American dream, Warhol
La mostra Andy Warhol, american dream a cura del rinomato Achille Bonito Oliva presso l’MdM (Monte di Mola) Museum di Arzachena (Olbia) fino al 21 settembre centra perfettamente il personaggio bisognoso d’attenzioni e allo stesso tempo schivo che ha calcato la scena newyorkese e mondiale per quasi 30 anni (1962-1987).
Andy Warhol o meglio Andrew Warhola, figlio di emigrati ruteni, emerge dallo sfondo tinto di pura omologazione e banalità quotidiana e realizza l’American dream (nato nel XVI secolo) attraverso la sua Pop Art, quale arte di massa prodotta in serie, anonima in quanto senza volto come la massa stessa.
Egli ha raggirato i mass media, la pubblicità e il capitalismo usa e getta servendosi delle tecniche attraverso le quali questi asserviscono a sé la massa, così da passare dalla downtown del Village e dal Lower East Side agli ambiti Upper East Side e Park Avenue.
L’ottica commerciale pronta a lanciare nuovi beni di consumo l’ha sempre reso vincente, che si trattasse di mostre, eventi, mode, cinema e artisti da far emergere. L’esposizione articolata in 5 sezioni mette in luce tramite opere uniche, multipli in edizioni limitata e a larga tiratura, provenienti perlopiù da collezioni private italiane, le numerose sfaccettature di Andy, artista e soggetto trendy e provocatorio dalle ampie vedute.

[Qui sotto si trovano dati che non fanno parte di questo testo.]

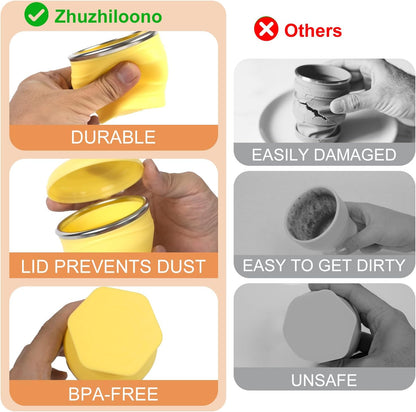 Collapsible Water Cup 6oz/180ml - Collapsible Cup - Silicone Collapsible TravelCup - Silicone Folding Camping Cup with Lids - Foldable Drinking Cup - for Travel, Camping, Hiking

Nella prima è presentato in anteprima un video inedito girato da Warhol e Peter Wise nel maggio 1982. Segue poi un blocco dedicato ai ritratti commissionatigli da noti imprenditori italiani o di frequentatori influenti della Silver Factory, il suo studio, come Nico e l’artista Joseph Beuys, e al ciclo Shoes Diamond Dust e ai Camouflage.
L’artista ritorna nel 1980 dal lontano 1956 alle scarpe da donna col tacco, motivo glamour, legato alla moda e al denaro. Tinte accese emergono dallo sfondo tinto di nero e cosparso dalla polvere di diamante, elementi scansionati da un negativo fotografico e da un passato di illustratore pubblicitario.
I Camouflage dal 1986 rappresentano la chance per lavorare con un pattern astratto e un’immagine immediatamente riconoscibile. Il camouflage di tipico uso militare si veste di colori brillanti sintetici e inorganici e viene spesso incorporato in autoritratti. L’iniziale funzione di nascondere attraverso la mimetizzazione data da un maquillage cromatico al contrario evidenzia nella giungla urbana in continuo mutamento e diventa elemento modaiolo.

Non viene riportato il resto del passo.